DETAILED DESCRIPTION OF SPECIFIC EMBODIMENTS

[0028] Illustrative embodiments of the invention are described below. In the interest of clarity, not all features of an actual implementation are described in this specification. It will of course be appreciated that in the development of any such actual embodiment, numerous implementation-specific decisions must be made to achieve the developers' specific goals, such as compliance with system-related and business-related constraints, which will vary from one implementation to another. Moreover, it will be appreciated that such a development effort might be complex and time-consuming, but would nevertheless be a routine undertaking for those of ordinary skill in the art having the benefit of this disclosure.

[0029] Embodiments of the present invention provide for means to reduce the potentially harmful effects that can occur when a medical implantable device is subjected to electromagnetic energy fields.

[0030] FIG. 1 illustrates an implantable medical device (IMD) system 10, which includes an implantable electronic device 12, such as a pacemaker, defibrillator, or the like, that has been implanted in a patient's body 14. One or more pacemaker leads, collectively identified with reference numeral 16, are electrically coupled to the pacemaker 12 in a conventional manner and extend into the patient's heart 18 via a vein 20.

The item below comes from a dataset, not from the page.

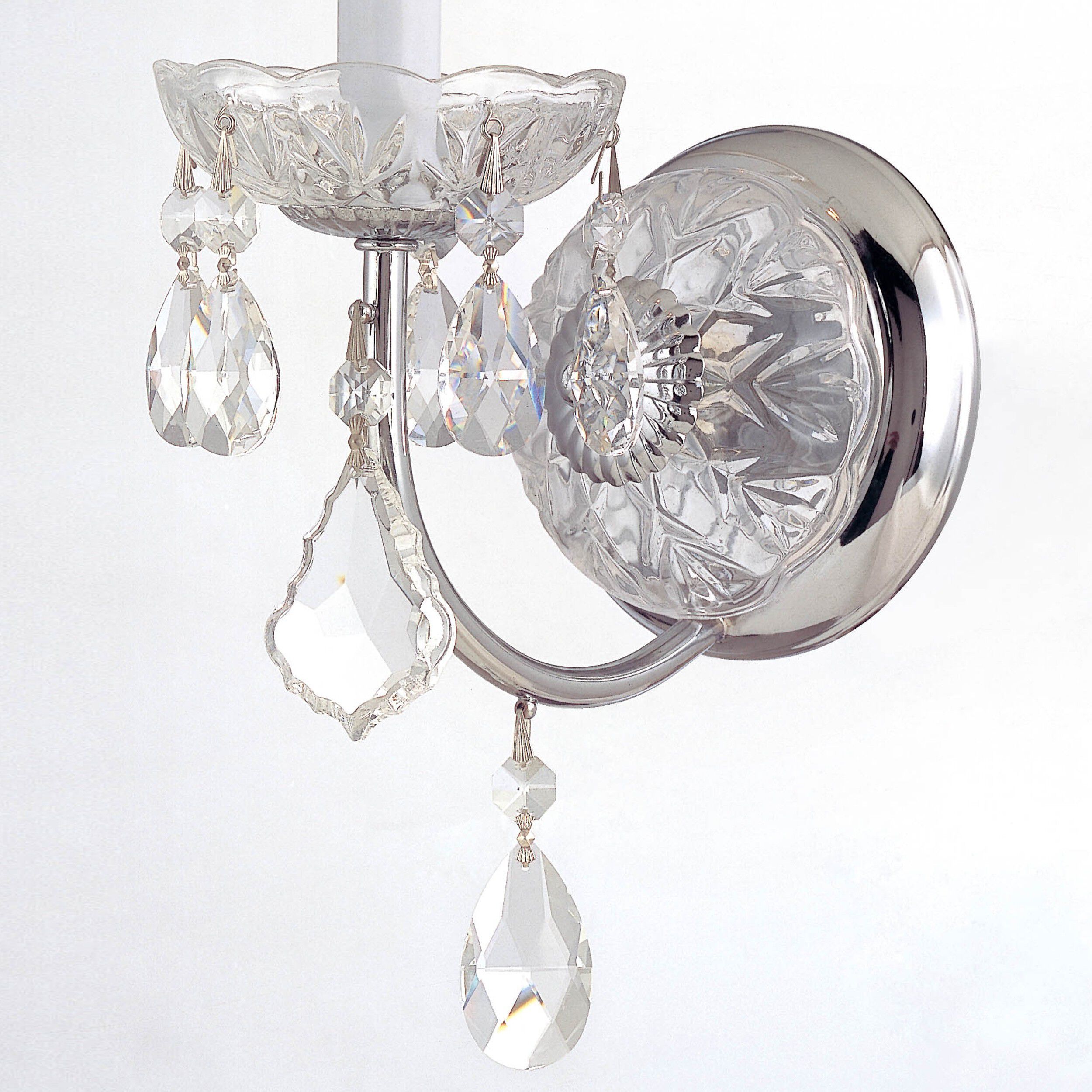 Imperial Sconce Wall Light in Clear Swarovski Strass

[0031] Located generally near the distal end 22 of the leads 16 are one or more exposed conductive electrodes 24 that are attached to the heart 18 tissue, sensing cardiac activity, delivering electrical pacing stimuli to the heart 18, or providing a stimulating voltage to defibrillate the heart 18. The contact area between the electrodes 24 and the heart 18 tissue is very small as compared, for example, to the contact area between the device 12 and the body 14.

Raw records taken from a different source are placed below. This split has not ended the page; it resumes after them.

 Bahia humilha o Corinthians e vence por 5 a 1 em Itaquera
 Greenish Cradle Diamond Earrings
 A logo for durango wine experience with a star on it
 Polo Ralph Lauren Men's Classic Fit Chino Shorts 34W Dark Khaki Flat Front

[0032] FIG. 2 illustrates an implantable medical device (IMD) system 10, which includes an implantable electronic device 12, such as a pacemaker or defibrillator. The device 12 is housed within a hermetically sealed, biologically inert outer canister or housing 26, which may itself be conductive. One or more leads 16 are electrically coupled to the device 12 and extend to a point adjacent the patient's heart 18 via a vein, typically the superior vena cava vein 28. This embodiment illustrates a lead 16 proceeding from the right atrium 36, through the coronary sinus 30 and its distal end 22 positioned within a cardiac vein 32 that is adjacent to the left ventricle 34 of the heart 18. An electrode 24, for example, a ring electrode, is placed in contact with the cardiac vein 32 to provide the necessary electrical proximity between the device 12 and the heart 18. Leads can also be placed within the right atrium 36 and the right ventricle 38 of the heart 18. This illustration shows the relatively small contact area between the electrode 24 and the tissue of the vein 32.

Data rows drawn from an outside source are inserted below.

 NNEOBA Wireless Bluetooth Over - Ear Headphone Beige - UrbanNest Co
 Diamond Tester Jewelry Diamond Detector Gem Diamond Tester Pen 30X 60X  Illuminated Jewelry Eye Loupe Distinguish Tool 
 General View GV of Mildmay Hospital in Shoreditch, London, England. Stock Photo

[0033] FIG. 3 schematically illustrates an embodiment of an implantable medical system 10 having an electrical lead 16 extended to its length L. The electrical lead 16 is shown as a cross section to show the electrode wire 42 surrounded by an insulator 44. A tip electrode 46 is shown at its distal end 22, and a ring electrode 48 is shown located on the surface of the lead 16. One embodiment of a tip electrode 46 comprises a helical coil that can be affixed directly to heart tissue and is particularly useful in attaching the lead 16 within an atrium or ventricle chamber wall of a heart 18, such as shown in FIG. 1. The ring electrode 48 can comprise a section of the lead 16 outer surface and can comprise a protrusion, such as a ridge having a larger diameter than the remainder of the lead 16. Ring electrodes 48 are particularly useful when the lead 16 is placed within a vein, such as the cardiac vein 32 shown in FIG. 2. The lead 16 can comprise more than one electrode wire 42, and in an embodiment such as shown in FIG. 3, separate electrode wires 42 can be connected to the tip electrode 46 and the ring electrode 48, respectively.

[0034] FIG. 4 is a table showing various named regions of the electromagnetic spectrum along with their respective wavelength, frequency and energy ranges. As the frequency increases, the amount of energy that is transmitted increases as well. The magnet in an MRI system is rated using a unit of measure known as a “Tesla.” Another unit of measure commonly used with magnets is the “gauss”, where 1 Tesla equals 10,000 gauss. The magnets in use today in MRI systems are in the 0.5 Tesla to 2.0 Tesla range, or 5,000 to 20,000 gauss. Although magnetic fields greater than 3 Tesla have not currently been approved for use in medical imaging, much more powerful magnets, up to 60 Tesla, are in use in research. An MRI system of 1 Tesla will operate at a frequency of approximately 42 MHz or 42×10E6 hertz. This is within the radio region of the electromagnetic radiation spectrum and is commonly referred to as radio-frequency (RF) energy. In the search for better diagnostic capabilities, MRI systems utilizing stronger magnets capable of generating increasing amounts of RF energy are being developed. The greater the level of RF energy transmitted, the greater the risk of damaging a patient by inducing electrical currents within an implanted lead.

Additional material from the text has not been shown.